Additionally, it was sensitive information being viewed through the screen scraping process. AA was the natural solution to it in the form of user consent driven architecture, the expert added.
The AA ecosystem makes it a regulated and legitimate process with all regulated entities involved.
What are the benefits?
AA solves the problem of data scattered across financial institutions and enables it to be brought to one place with customer consent and in a data-blind manner where the AA cannot view or process the data.
“We are bullish on the power and potential of the account aggregator ecosystem as huge varieties of use cases can be built around for consumers,” said Sumit Gwalani, Co-founder, Fi, a neobank platform for working professionals.
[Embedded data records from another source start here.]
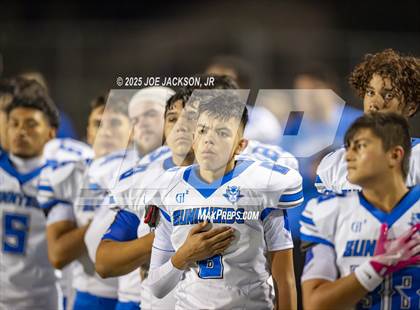 Thumbnail 3 in Sunnyside @ Cienega photogallery.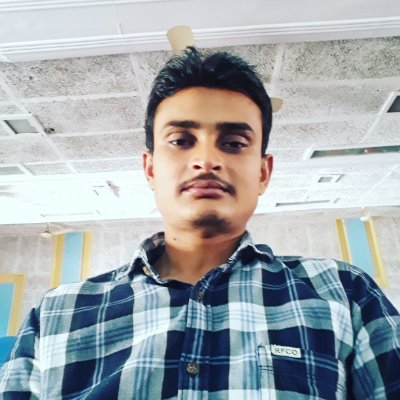 सामाजिक कार्यकर्ता, राजनीतिक विचारक, आंदोलनकारी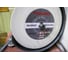 Заточной станок Record Power RSBG8 37453 3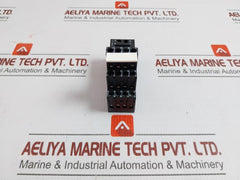 Finder Relay Socket 10A 94.04.0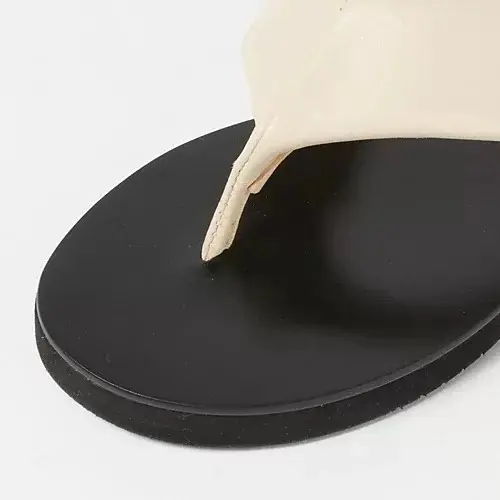 【50代に似合う洗練サンダル15選】このの画像_23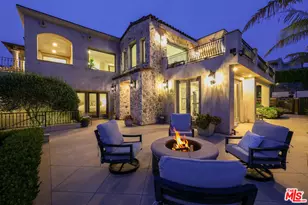 740 Bolsana Dr, Laguna Beach, CA 92651 - Photo 48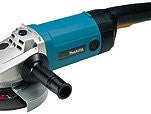 Winkelschleifer / Trennschleifer 230 mm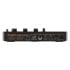 Thumbnail 4 : AlphaTheta RMX-IGNITE Professional DJ Effector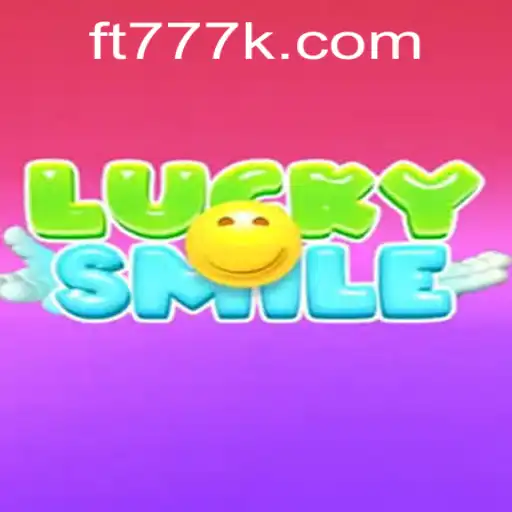 LuckySmile: O Jogo Revolucionário de FT777.COM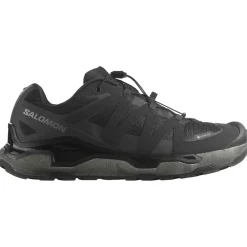 Salomon - XC Roam GORE-TEX - Freizeitschuhe Outlet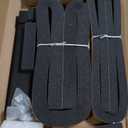 LG 7,800 BTU Through the Wall Air Conditioner, 115V, AC Wall Unit for Rooms up to 330 Sq. Ft., Perfect for Bedroom or Office, Wall Mounted AC Unit with Remote and 3 Cool & Fan Speeds, White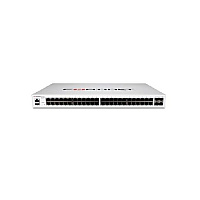 Fortinet Fortiswitch-448e (FS448E)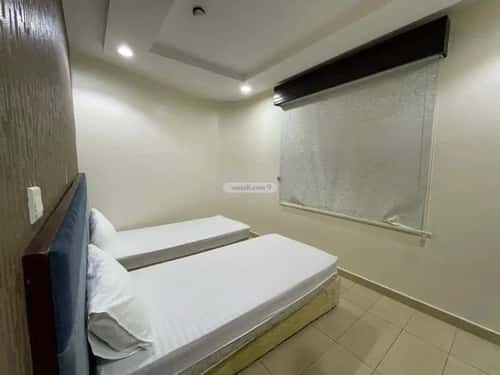 شقة بغرفة الرويس، جنوب جدة، جدة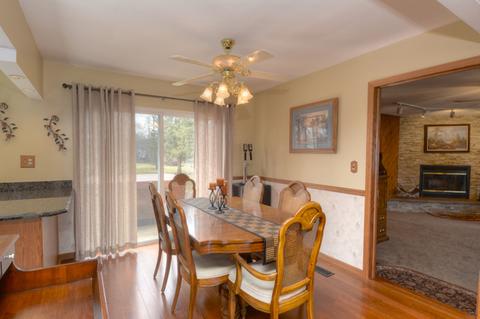 965 W Stearns Rd, Bartlett, IL 60103 photo 11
He adds: "Our customers now can search for queries from their respective bank accounts in milliseconds which was previously limited to only transactions done on their Fi account. The power of emerging tech combined with account aggregators could get you a combined transaction statement from all your bank accounts and not 5 different bank statements every month."
On the lending side, Lendingkart providing unsecured loans to MSMEs demonstrated a use case by enabling Rs 6,00,000 loan to an enterprise. Harshvardhan Lunia, Founder & CEO at Lendingkart said AA is going to bring massive data transformation. When UPI was launched we didn’t anticipate the revolution it would bring in digital payments, the same will be with AA, he noted.
“Going ahead a large number of SMEs can be reached out without physical branches and it will transform the credit penetration. As we go deeper into this, open banking works wonderfully as India is underserved when it comes to credit and other financial products. A large push will come from awareness and ecosystem-level adoption,” Lunia added.
Similarly, banks are geared up too. Deepak Sharma, President and Chief Digital Officer at Kotak Mahindra Bank said, “AA would enable the ecosystem to create new models and benefit all parties involved. We are one of the early movers to come in both as FIP and FIU and the idea is to build various use cases such as on the asset side, credit underwriting, etc.”
Business model and commercials
Industry experts added that FIPs would need to realise the commercial value in exchange of data being shared. It could possibly depend on volumes, use-cases, if the exchange is recurring or one-time, etc.
RBI Deputy Governor Rajeshwar Rao while speaking at the launch of the account aggregator go-live event on September 2 said, “The desired objective in the case of account aggregator ecosystem will be attained when a large number of customers and information providers (banks) are onboarded on the account aggregator platforms and they are able to get aggregated data in a formed manner desired by users in a completely safe and secured environment."
For this to happen, information providers need to see the value in the framework. This is key to the viable development of the business model of the aggregator ecosystem in India, he added.
Sharma of Kotak Mahindra Bank adds, “For any ecosystem to scale up, everyone – customers, FIUs and FIPs - has to see value in the offering, whether it is enriching customer experience, building a new business model etc. Commercial terms are only one element. It has to evolve to a fair and equitable model so that all parties see value.”
According to Sharma, the two biggest focus areas right now are one: customer awareness and education around the benefits of AA, data consent etc., and secondly, getting the entire ecosystem to come together and participate, which is when we will see the true potential of account aggregator.
The fee arrangement or fee model has to come up from market forces and regulation shouldn’t stifle it, said Mandar Kagade, Founder & Principal at Black Dot Public Policy Advisors. Kagade adds, “The viability is assured, provided parties have flexibility to come around with different fee or pricing structures.”
Data Privacy Laws
User consent and data privacy are key things to the whole framework, said Shilpa Mankar Ahluwalia, Partner at Shardul Amarchand Mangaldas.
Currently, only regulated entities are allowed to access the AA ecosystem. According to Ahluwalia, to make it a truly open banking system, if non-licensed entities have to be allowed it is important to have a data privacy framework in place as the RBI currently looks at safeguarding only financial data within its mandate.